- **Source data**
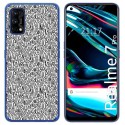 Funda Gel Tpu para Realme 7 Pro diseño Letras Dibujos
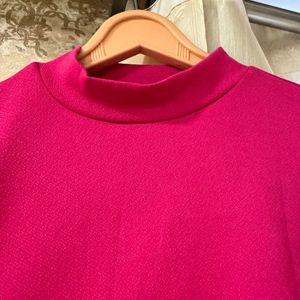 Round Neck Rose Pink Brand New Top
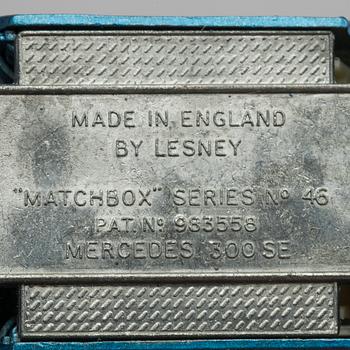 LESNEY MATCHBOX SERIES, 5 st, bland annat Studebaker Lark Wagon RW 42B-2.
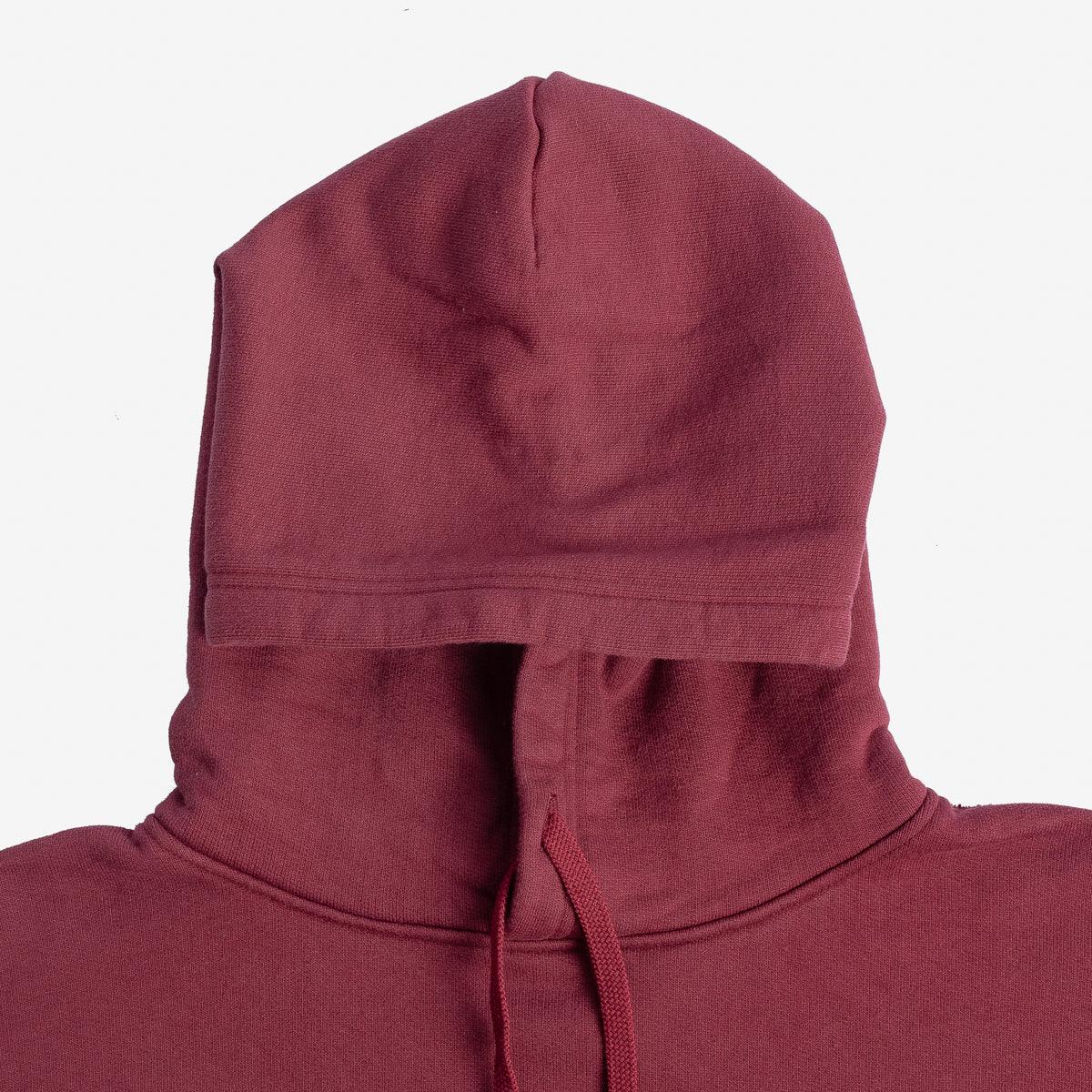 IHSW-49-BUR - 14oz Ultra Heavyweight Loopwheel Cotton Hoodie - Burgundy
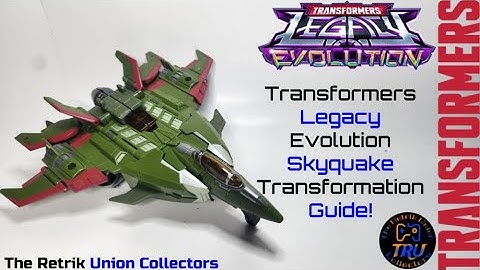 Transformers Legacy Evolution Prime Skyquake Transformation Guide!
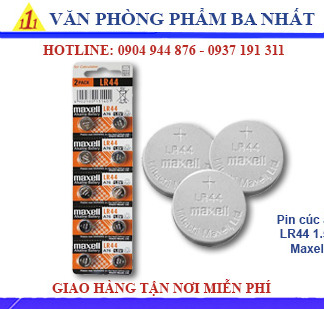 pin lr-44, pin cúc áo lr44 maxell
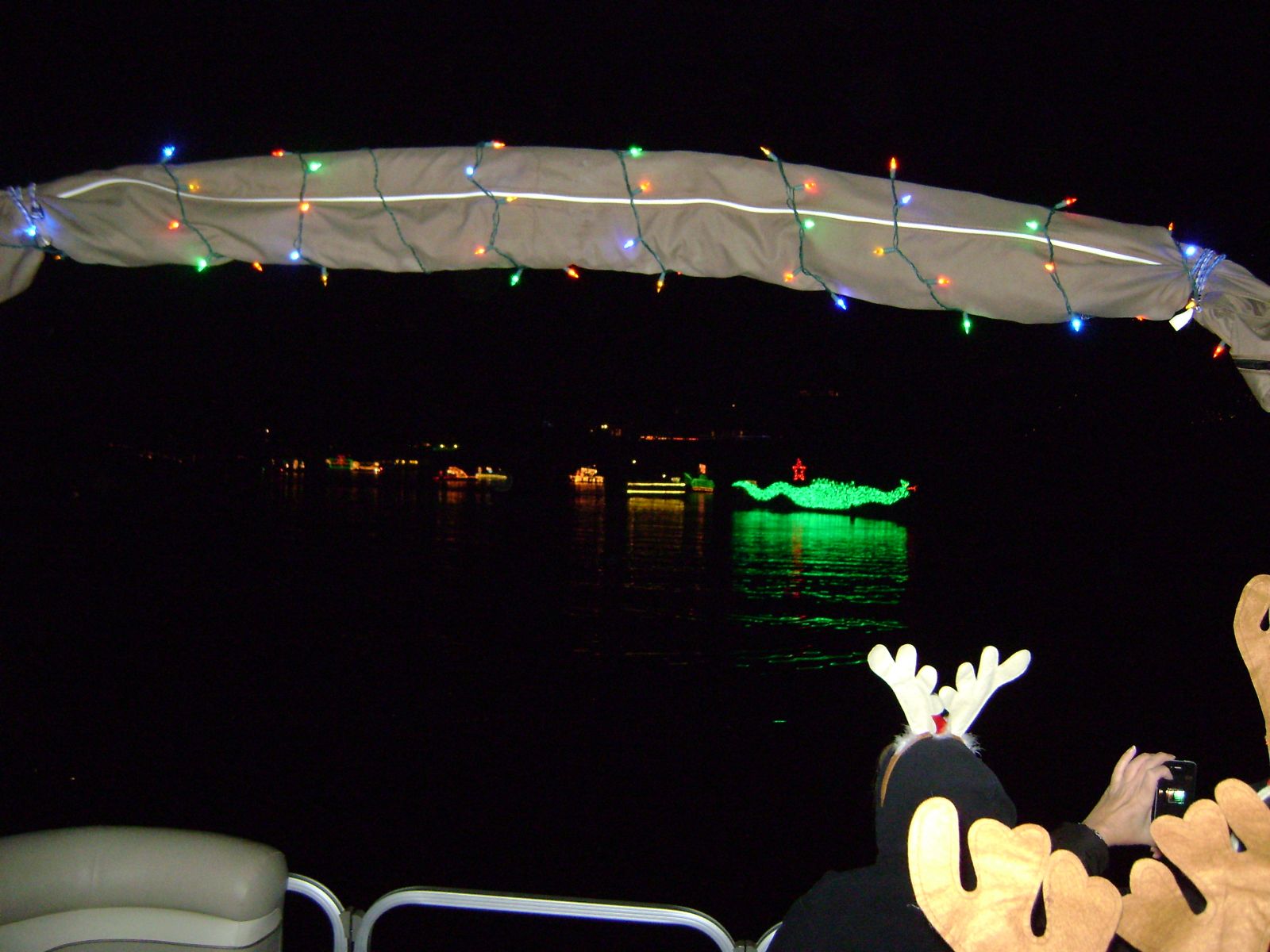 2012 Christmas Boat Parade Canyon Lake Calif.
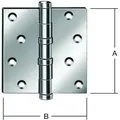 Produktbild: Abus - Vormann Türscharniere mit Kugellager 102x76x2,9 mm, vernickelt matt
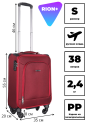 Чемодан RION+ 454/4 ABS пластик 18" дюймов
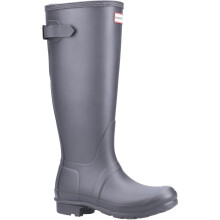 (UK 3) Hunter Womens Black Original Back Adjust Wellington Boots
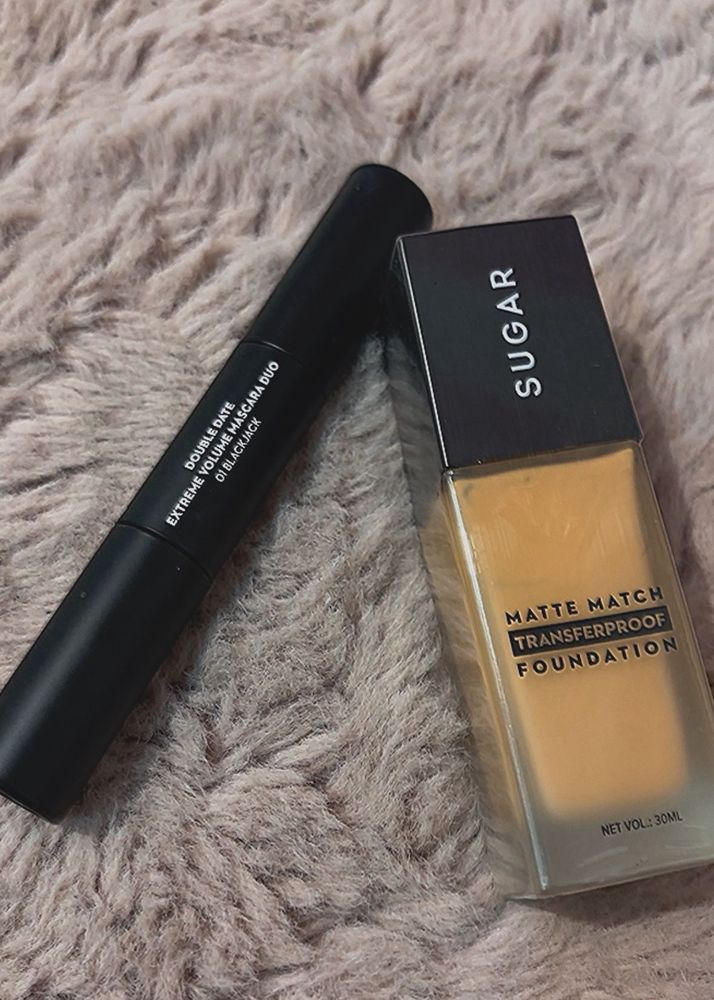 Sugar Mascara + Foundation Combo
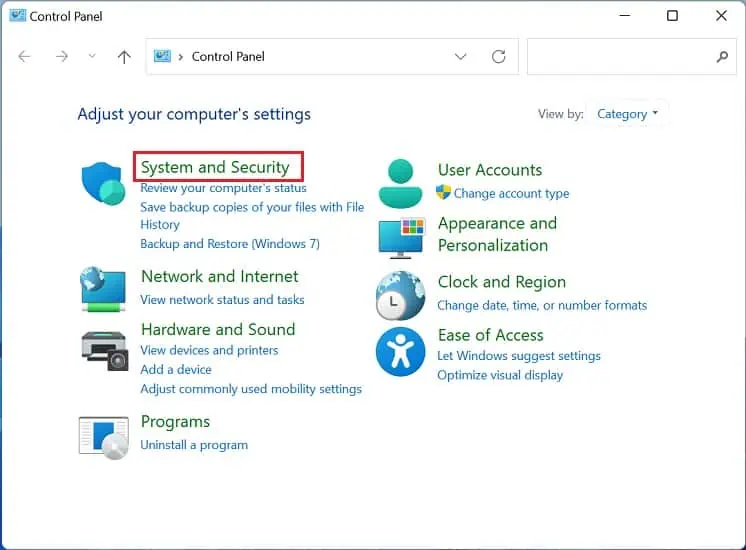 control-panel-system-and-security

- **What you are asked to do**
Going from the line with "Round Neck Rose Pink Brand New Top" to the last line of the listing, write out each line exactly and nothing else. Leave out all pictures.

- **Written answer**
 Round Neck Rose Pink Brand New Top
 LESNEY MATCHBOX SERIES, 5 st, bland annat Studebaker Lark Wagon RW 42B-2.
 IHSW-49-BUR - 14oz Ultra Heavyweight Loopwheel Cotton Hoodie - Burgundy
 Transformers Legacy Evolution Prime Skyquake Transformation Guide!
 pin lr-44, pin cúc áo lr44 maxell
 2012 Christmas Boat Parade Canyon Lake Calif.
 Produktbild: Abus - Vormann Türscharniere mit Kugellager 102x76x2,9 mm, vernickelt matt
 Чемодан RION+ 454/4 ABS пластик 18" дюймов
 (UK 3) Hunter Womens Black Original Back Adjust Wellington Boots
 Sugar Mascara + Foundation Combo
 control-panel-system-and-security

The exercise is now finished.